From a health point of view you'd probably benefit from more fruit and veg in your diet, and from an enjoyment point of view you'd probably benefit from a few foods picked purely as you like them (cakes, ice cream, the occasional pizza, whatever). Oh, and if you aren't having sauces with your meals, do. Have spaghetti bolognese not mince and pasta for example.


----------



## Eddias (Dec 21, 2015)

Toughest is finding that bloody balance between gaining muscle and turning into a fat mess. I gain weight damn easy ( but its never the right weight) losing weight again quiet easy until i get down to 12% BF.
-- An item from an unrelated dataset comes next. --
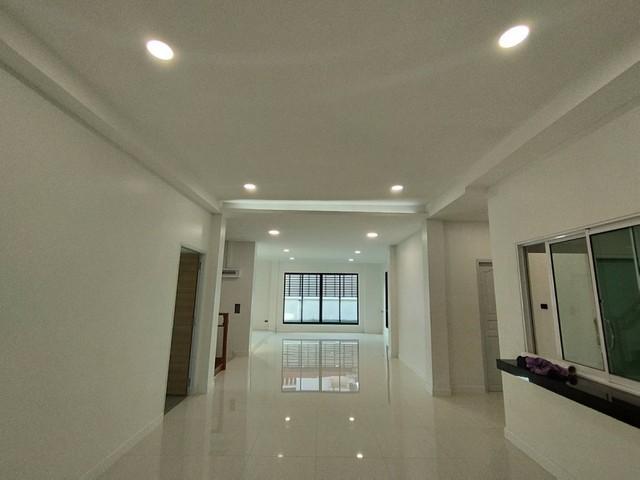 บ้านเดี่ยว 2 ชั้น หมู่บ้าน สินทรัพย์นคร พุทธมณฑลสาย 2 เขตบางแค กรุงเทพฯ รีโนเวทใหม่ทั้งหลัง ดีไซน์โมเดิร์น 9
You just need to mess about with amount of food you take in, recent vid from Seth Feroce about what he eats breaks it down to its most basic. he talks about finding your baseline ( sweet spot where you grow muscle not Fat) took him 8 months to find it and he is a IFBB pro


----------



## Quackerz (Dec 19, 2015)

If you're struggling to gain weight your best bet is to eat more. Not trying to take the piss, it really is that simple.


----------



## dtlv (Jul 24, 2009)

Huddsmuscle said:


> I made a post a while back but unfortunately i'm still struggling to gain weight. I just seem to stay the same weight and budge up and down slightly. I'm 75kg at the moment (5 ft 11) aged 24.
> 
> My Diet:
> 
> ...


 So how long have you been eating this diet, how well (honestly) have you stuck to it?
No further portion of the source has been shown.